§ **Your instructions**: Going down the listing below, print exactly each line from the one with "Køkkenhåndklæder, 100% Naturlig" up to and including the one with "Senior man with", and skip the rest.

§ **Material to process**:
== Segment start ==
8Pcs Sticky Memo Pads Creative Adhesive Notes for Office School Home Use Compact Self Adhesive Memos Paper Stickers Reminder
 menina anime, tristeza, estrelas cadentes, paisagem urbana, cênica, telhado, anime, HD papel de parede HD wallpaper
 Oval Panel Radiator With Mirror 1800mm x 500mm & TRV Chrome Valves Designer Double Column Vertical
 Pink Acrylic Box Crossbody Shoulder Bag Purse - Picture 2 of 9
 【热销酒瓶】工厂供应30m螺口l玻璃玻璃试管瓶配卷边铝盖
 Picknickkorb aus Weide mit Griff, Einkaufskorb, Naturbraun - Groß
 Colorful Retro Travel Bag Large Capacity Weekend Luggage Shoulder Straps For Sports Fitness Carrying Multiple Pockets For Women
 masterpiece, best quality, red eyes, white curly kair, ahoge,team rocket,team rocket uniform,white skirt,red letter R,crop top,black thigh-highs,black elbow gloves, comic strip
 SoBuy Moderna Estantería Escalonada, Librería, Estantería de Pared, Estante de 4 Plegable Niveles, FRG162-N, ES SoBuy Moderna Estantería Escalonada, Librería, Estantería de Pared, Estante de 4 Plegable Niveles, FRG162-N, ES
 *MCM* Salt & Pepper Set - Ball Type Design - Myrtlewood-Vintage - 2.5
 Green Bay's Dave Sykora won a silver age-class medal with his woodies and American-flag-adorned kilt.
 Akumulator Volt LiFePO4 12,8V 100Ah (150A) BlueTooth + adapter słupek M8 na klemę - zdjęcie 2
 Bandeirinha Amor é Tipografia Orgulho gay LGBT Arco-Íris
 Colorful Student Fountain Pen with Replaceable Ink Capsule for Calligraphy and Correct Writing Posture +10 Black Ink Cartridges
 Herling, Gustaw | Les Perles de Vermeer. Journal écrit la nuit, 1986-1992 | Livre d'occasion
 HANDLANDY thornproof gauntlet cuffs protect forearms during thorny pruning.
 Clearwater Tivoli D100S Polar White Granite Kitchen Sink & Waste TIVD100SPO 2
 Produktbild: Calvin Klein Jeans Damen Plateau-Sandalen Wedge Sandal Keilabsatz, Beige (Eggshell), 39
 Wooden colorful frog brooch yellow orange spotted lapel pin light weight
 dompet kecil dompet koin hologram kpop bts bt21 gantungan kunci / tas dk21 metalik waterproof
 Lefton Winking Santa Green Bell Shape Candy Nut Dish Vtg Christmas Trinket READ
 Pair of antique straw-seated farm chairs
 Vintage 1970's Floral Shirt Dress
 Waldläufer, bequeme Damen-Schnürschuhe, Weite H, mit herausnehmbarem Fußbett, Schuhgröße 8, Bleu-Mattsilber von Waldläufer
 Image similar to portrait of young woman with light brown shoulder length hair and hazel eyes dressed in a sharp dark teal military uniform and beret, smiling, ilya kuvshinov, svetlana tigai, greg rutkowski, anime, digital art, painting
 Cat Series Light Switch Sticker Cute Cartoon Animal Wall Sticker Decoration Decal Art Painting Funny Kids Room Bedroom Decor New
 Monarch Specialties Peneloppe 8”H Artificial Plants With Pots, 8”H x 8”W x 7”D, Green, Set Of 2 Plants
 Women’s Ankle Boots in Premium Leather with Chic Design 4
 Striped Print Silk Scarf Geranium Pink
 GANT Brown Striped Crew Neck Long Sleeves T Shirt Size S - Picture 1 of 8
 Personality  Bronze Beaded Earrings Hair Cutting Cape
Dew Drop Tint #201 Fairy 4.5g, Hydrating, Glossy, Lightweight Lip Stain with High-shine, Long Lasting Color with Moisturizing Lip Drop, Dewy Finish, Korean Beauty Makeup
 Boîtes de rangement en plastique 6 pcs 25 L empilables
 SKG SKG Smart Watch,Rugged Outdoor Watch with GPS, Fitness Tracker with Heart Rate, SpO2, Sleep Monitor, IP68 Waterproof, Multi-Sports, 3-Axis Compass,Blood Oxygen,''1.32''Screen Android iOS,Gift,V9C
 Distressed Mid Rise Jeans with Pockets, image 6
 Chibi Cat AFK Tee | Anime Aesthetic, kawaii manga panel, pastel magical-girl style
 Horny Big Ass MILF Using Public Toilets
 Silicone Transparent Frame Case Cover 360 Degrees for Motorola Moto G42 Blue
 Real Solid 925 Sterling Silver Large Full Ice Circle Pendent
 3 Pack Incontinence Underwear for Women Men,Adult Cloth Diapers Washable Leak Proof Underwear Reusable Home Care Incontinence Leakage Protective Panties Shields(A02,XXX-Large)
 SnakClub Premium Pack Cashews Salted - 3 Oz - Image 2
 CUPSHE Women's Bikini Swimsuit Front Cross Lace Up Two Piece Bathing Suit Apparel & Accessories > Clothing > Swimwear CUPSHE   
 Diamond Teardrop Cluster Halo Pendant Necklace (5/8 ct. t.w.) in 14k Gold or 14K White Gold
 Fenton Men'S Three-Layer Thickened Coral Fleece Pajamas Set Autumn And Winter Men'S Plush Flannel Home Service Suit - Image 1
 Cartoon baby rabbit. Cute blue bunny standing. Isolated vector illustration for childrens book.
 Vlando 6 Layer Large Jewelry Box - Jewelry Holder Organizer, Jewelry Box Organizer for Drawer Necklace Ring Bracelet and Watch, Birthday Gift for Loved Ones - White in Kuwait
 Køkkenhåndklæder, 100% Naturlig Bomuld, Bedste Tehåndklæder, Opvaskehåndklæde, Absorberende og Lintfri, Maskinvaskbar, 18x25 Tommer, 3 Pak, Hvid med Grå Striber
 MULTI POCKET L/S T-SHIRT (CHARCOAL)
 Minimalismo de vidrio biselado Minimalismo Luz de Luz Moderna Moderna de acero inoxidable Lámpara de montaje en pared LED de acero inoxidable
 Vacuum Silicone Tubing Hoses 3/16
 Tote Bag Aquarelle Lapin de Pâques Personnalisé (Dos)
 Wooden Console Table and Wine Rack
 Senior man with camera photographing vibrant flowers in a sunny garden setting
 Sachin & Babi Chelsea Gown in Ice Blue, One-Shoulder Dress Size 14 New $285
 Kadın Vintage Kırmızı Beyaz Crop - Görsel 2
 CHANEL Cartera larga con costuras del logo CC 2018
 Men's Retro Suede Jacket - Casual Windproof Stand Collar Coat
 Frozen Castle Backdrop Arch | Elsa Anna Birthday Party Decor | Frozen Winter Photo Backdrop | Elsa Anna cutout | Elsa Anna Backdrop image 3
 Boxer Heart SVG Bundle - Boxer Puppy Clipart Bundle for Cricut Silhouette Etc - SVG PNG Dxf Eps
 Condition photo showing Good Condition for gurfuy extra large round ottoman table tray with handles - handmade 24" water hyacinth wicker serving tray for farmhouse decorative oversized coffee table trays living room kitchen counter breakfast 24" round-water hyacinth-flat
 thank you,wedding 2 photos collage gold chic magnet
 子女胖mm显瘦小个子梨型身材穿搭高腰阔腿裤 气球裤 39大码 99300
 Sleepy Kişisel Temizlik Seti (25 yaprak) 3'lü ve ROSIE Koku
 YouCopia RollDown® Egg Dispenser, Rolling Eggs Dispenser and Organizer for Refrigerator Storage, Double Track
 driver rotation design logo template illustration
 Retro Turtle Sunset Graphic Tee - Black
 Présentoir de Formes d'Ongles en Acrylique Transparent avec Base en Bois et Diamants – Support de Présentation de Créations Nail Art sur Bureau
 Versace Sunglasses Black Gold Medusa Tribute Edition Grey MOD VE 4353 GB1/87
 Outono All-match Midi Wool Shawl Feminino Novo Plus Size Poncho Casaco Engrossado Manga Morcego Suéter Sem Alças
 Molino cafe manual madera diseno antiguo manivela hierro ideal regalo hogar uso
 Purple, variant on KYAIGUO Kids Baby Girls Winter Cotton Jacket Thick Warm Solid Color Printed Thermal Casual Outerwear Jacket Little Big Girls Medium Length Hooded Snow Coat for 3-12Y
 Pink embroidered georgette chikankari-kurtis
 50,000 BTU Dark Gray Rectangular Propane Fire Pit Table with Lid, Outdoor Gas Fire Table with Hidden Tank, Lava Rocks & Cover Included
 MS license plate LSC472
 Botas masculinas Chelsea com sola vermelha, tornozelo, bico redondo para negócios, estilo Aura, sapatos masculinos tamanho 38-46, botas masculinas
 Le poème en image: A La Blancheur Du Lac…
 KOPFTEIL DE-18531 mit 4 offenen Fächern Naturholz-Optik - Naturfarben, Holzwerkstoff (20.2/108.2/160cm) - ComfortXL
== Segment end ==
§ **Solution below**:
 Køkkenhåndklæder, 100% Naturlig Bomuld, Bedste Tehåndklæder, Opvaskehåndklæde, Absorberende og Lintfri, Maskinvaskbar, 18x25 Tommer, 3 Pak, Hvid med Grå Striber
 MULTI POCKET L/S T-SHIRT (CHARCOAL)
 Minimalismo de vidrio biselado Minimalismo Luz de Luz Moderna Moderna de acero inoxidable Lámpara de montaje en pared LED de acero inoxidable
 Vacuum Silicone Tubing Hoses 3/16
 Tote Bag Aquarelle Lapin de Pâques Personnalisé (Dos)
 Wooden Console Table and Wine Rack
 Senior man with camera photographing vibrant flowers in a sunny garden setting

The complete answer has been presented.